Persediaan plasma darah di fasilitas pelayanan kesehatan, diakui Ariani, juga selalu terbatas. Menurut dia, penyebabnya masih sedikit pendonor yang mau datang ke PMI atau unit transfusi darah lainnya. Selain itu, katanya, tak semua pendonor lolos pengujian kelayakan untuk menyumbangkan plasma darahnya.
“Banyak yang berdonor, tetapi kadar antibodinya tidak memenuhi kriteria. Ada yang terlalu rendah sehingga tidak bisa didonorkan,” ujarnya.
Ariani menyarankan agar koordinasi PMI dengan rumah sakit rujukan Covid-19 perlu lebih diaktifkan. Hal ini penting segera dilakukan, mengingat permintaan plasma darah terus bertambah. Selain itu, upaya menghimpun data para penyintas Covid-19 juga perlu dilakukan.
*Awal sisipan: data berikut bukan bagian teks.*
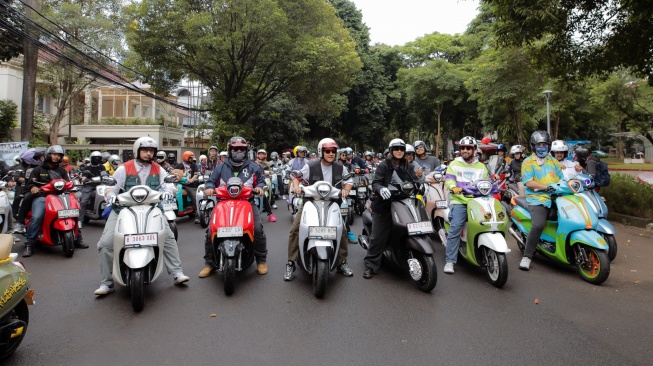 Pilihan Skutik Bergaya Klasik yang Bikin Penggunanya Tetap Stylish di Atas Motor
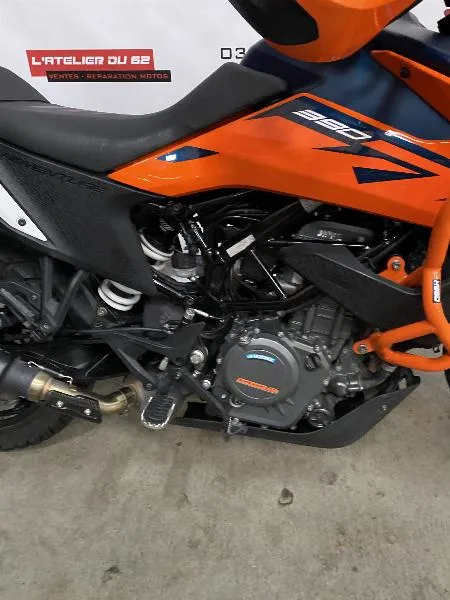 390 ADVENTURE
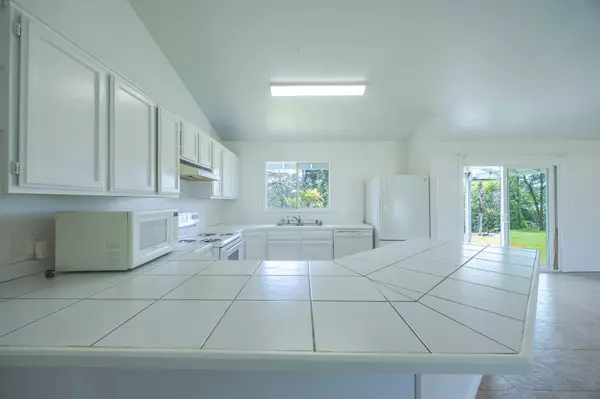 Keaau, HI 96749,15-1701 22ND AVE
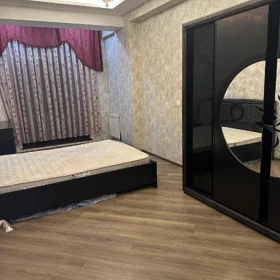 In Baku 88.0 m² apartment is for rent - Image 4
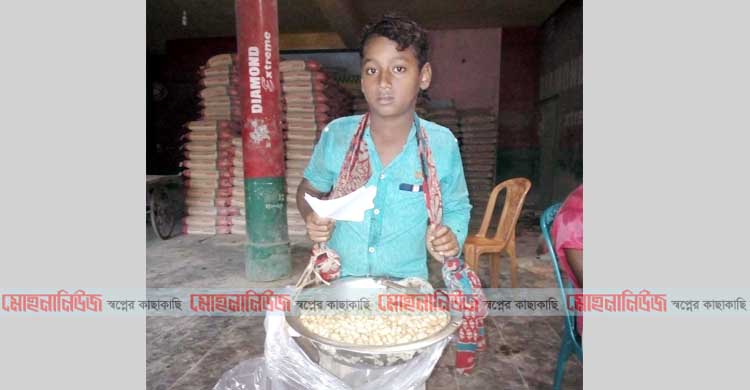 ইসমাইলের বাদাম বিক্রির টাকায় চলে সংসার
Ia pun menilai, sistem pemenuhan stok plasma konvalesen di PMI belum terpusat secara nasional dan tak dapat diakses secara daring.
“Selama ini basis data donor darah masih dikelola sebatas di unit PMI masing-masing wilayah,” kata dia.
Sementara itu, ahli kesehatan masyarakat dari Ikatan Ahli Kesehatan Masyarakat Indonesia (IAKMI) sekaligus epidemiolog University of Derby Dono Widiatmoko mengkritik kelemahan sistem koordinasi nasional untuk stok dan distribusi plasma darah.
Idealnya, menurut Dono, dibutuhkan basis data terpusat untuk mengelola kebutuhan dan ketersediaan donor darah yang reguler dan yang spesifik, termasuk untuk terapi plasma konvalesen.
“Alokasi darah diberikan pada siapa yang lebih membutuhkan, bukannya siapa yang mampu membayar atau siapa yang lebih populer,” kata dia saat dihubungi, Kamis (14/1).
“Begitu pun alokasi ideal donor plasma, ditujukan pada mereka yang paling merasakan gunanya, yaitu mereka yang potensial dan responsif dengan terapi ini.”
Ia membandingkan penerapan bank donor darah di negara maju untuk kepentingan transplantasi. Di negara maju, kata dia, alokasi organ dari pendonor benar-benar dipastikan peruntukannya bagi pihak yang paling membutuhkan. Ia menilai, upaya membangun sistem ini membutuhkan proses cukup rumit.
“Setahu saya di Kemenkes beberapa tahun lalu sudah mulai ada proses diskusi seperti ini, dan sudah ada tim yang dibentuk. Tetapi proses masih panjang,” katanya.